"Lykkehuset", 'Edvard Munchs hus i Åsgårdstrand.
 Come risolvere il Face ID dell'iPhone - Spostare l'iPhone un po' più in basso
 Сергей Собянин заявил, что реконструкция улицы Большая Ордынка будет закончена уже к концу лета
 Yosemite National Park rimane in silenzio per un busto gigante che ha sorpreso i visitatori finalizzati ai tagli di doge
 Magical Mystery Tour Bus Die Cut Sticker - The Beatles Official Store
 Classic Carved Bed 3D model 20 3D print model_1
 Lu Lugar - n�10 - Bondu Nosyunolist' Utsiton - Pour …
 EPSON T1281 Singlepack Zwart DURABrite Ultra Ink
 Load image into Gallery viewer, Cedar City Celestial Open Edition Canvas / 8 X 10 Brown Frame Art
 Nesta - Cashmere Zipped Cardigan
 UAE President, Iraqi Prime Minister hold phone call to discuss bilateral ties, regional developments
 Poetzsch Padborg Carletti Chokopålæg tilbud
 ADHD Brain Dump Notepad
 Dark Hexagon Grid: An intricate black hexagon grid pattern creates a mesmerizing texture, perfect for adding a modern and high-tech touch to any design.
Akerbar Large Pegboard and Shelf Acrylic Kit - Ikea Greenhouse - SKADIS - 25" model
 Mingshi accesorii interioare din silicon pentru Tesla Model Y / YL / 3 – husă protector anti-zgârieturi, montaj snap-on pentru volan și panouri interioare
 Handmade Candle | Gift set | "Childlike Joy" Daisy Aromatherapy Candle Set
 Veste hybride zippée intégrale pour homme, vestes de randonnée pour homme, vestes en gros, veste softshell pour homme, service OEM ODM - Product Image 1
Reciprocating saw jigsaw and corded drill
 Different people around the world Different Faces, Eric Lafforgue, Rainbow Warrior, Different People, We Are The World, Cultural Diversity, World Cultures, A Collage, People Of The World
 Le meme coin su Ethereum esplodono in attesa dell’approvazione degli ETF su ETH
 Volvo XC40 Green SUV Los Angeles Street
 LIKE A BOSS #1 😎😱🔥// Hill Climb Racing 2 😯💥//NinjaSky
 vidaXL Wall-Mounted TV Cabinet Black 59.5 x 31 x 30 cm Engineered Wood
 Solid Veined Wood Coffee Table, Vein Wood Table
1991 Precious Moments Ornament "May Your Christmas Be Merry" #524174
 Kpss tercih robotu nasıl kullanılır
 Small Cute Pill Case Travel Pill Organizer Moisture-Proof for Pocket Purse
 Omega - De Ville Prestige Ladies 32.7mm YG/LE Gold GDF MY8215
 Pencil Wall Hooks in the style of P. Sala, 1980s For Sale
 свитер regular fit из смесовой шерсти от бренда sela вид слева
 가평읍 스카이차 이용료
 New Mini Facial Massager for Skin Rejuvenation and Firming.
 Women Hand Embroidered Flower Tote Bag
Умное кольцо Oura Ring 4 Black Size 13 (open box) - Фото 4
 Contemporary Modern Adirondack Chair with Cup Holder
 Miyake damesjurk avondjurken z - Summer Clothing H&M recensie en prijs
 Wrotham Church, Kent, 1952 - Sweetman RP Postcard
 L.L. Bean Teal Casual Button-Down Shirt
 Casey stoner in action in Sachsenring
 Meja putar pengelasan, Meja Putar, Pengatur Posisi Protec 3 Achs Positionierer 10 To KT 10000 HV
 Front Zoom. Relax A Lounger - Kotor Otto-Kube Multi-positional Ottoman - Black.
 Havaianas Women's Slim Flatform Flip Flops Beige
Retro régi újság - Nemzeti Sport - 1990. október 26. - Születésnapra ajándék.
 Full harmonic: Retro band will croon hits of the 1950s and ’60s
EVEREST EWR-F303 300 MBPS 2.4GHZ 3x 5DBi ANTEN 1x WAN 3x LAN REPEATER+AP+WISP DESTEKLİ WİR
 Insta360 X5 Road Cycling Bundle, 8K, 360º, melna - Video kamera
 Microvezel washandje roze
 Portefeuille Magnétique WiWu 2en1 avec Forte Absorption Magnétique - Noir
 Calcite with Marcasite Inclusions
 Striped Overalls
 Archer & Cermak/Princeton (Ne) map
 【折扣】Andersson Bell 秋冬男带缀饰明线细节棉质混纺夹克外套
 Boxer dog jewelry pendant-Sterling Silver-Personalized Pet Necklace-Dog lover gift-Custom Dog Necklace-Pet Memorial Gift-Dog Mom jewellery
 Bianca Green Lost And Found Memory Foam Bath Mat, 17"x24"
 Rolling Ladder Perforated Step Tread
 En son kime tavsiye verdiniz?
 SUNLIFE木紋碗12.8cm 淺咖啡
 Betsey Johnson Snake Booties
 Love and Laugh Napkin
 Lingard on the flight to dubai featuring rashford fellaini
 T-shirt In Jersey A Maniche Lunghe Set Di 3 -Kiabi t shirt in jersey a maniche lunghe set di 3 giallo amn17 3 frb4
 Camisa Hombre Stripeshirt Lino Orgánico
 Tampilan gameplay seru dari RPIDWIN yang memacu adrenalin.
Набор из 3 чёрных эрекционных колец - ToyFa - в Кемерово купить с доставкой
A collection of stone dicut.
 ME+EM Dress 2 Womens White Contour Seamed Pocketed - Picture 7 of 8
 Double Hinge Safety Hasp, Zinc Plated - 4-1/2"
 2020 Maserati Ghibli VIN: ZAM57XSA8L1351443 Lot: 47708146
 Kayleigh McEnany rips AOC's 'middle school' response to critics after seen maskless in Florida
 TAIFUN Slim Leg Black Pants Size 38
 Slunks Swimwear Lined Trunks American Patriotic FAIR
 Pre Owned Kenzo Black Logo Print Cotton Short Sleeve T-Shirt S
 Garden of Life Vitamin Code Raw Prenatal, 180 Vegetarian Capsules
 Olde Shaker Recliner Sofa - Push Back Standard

■ WHAT YOU NEED TO DO: The required output is the stretch of entries above from the line containing "Pencil Wall Hooks" through the line containing "Умное кольцо Oura", reproduced exactly.

■ RESPONSE TO THE EXERCISE:
 Pencil Wall Hooks in the style of P. Sala, 1980s For Sale
 свитер regular fit из смесовой шерсти от бренда sela вид слева
 가평읍 스카이차 이용료
 New Mini Facial Massager for Skin Rejuvenation and Firming.
 Women Hand Embroidered Flower Tote Bag
Умное кольцо Oura Ring 4 Black Size 13 (open box) - Фото 4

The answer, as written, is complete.